A report published in the The Hindu stated that the photo appears in a section of the book covering ethnic riots in Myanmar in the 1940s. The text says the image shows Buddhists murdered by Rohingya — members of a Muslim minority the book refer to as “Bengalis” to imply they are illegal immigrants. But an examination of the photograph shows it was actually taken during Bangladesh’s 1971 Independence War.
The report further stated that it is one of three images that appear in the book, published in July this year by the Army’s Department of Public Relations and Psychological Warfare that have been misrepresented as archival pictures from the western State of Rakhine.
In fact, two of the photos were originally taken in Bangladesh and Tanzania.

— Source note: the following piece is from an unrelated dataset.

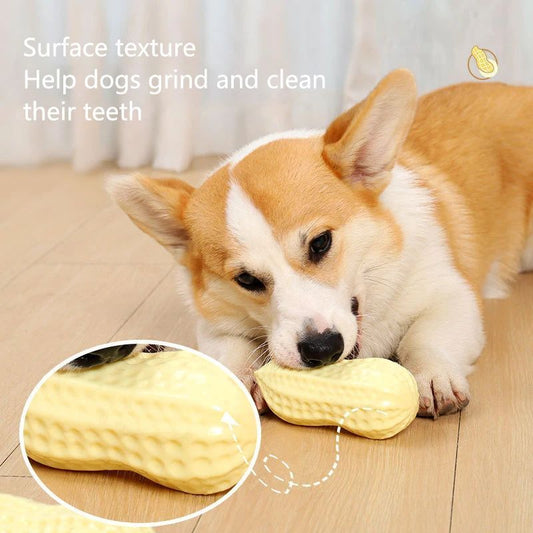 Chew Teeth Cleaning Sound Toy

A third was falsely labelled as depicting Rohingya entering Myanmar from Bangladesh, when in reality it showed migrants leaving the country.

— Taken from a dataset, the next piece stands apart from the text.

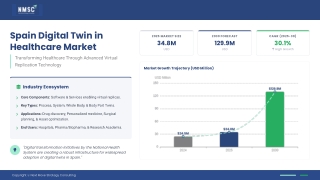 Hispania Health Twin: Reimagining Care Through Digital Intelligence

The 117-page Myanmar Politics and the Tatmadaw: Part I relates the Army’s narrative of August last year, when some 7, 00,000 Rohingya fled Rakhine to Bangladesh, according to UN agencies, triggering reports of mass killings, rape, and arson. Tatmadaw is the official name of Myanmar’s military.

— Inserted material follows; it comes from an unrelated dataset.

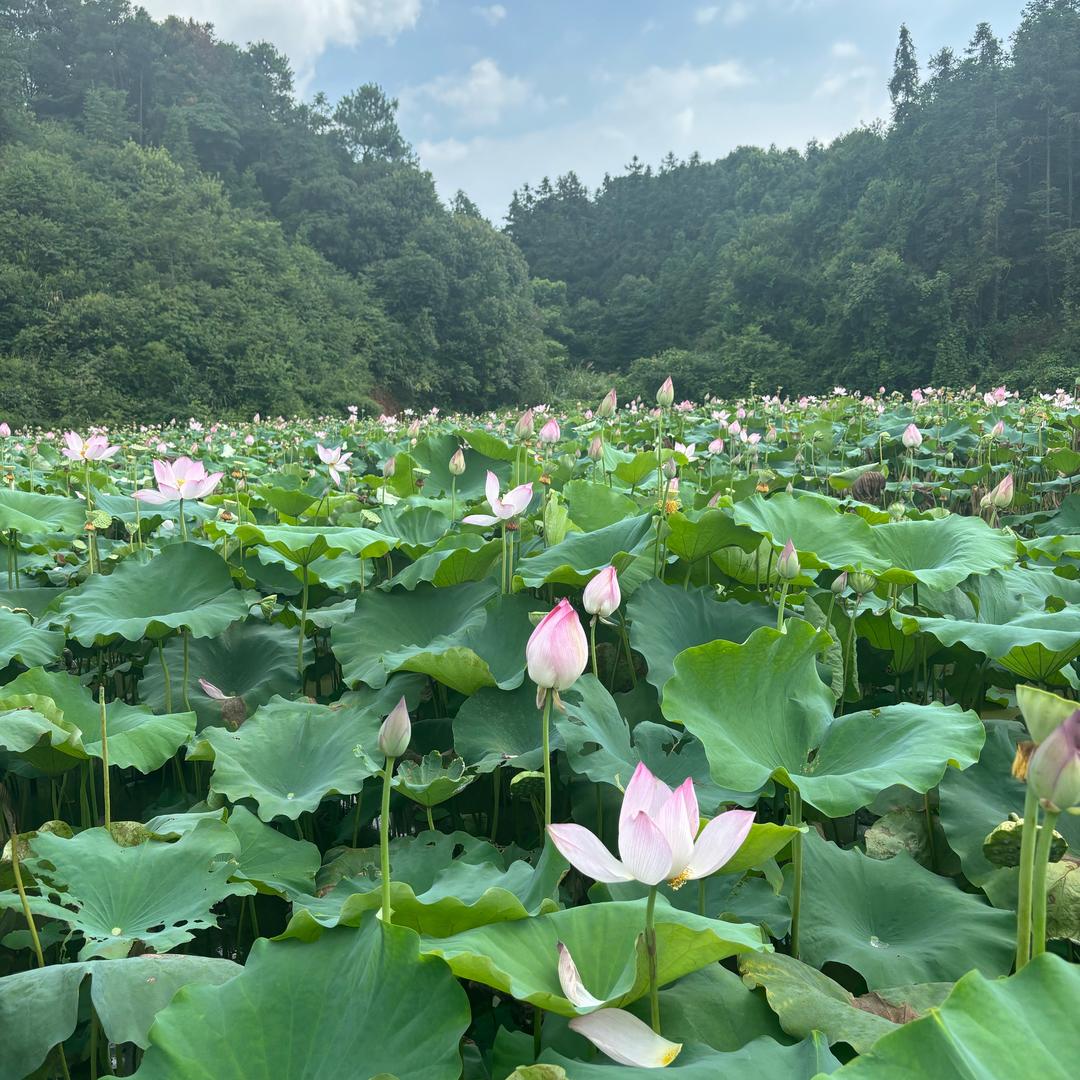 陆笙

Much of the content is sourced to the military’s ‘True News’ information unit, which since the start of the crisis has distributed news giving the Army’s perspective, mostly via Facebook. On Monday, Facebook banned the Myanmar Army chief and other military officials accused of using the platform to “inflame ethnic and religious tensions”. The same day, UN investigators accused Senior General Min Aung Hlaing of overseeing a campaign with “genocidal intent” and recommended he and other senior officials be “prosecuted for crimes against humanity”.
In its new book, the military denies the allegations of abuses, blaming the violence on “Bengali terrorists” it says were intent on carving out a Rohingya State named ‘Arkistan’. The book also seeks to trace the history of the Rohingya — who regard themselves as native to western Myanmar — casting them as interlopers from Bangladesh.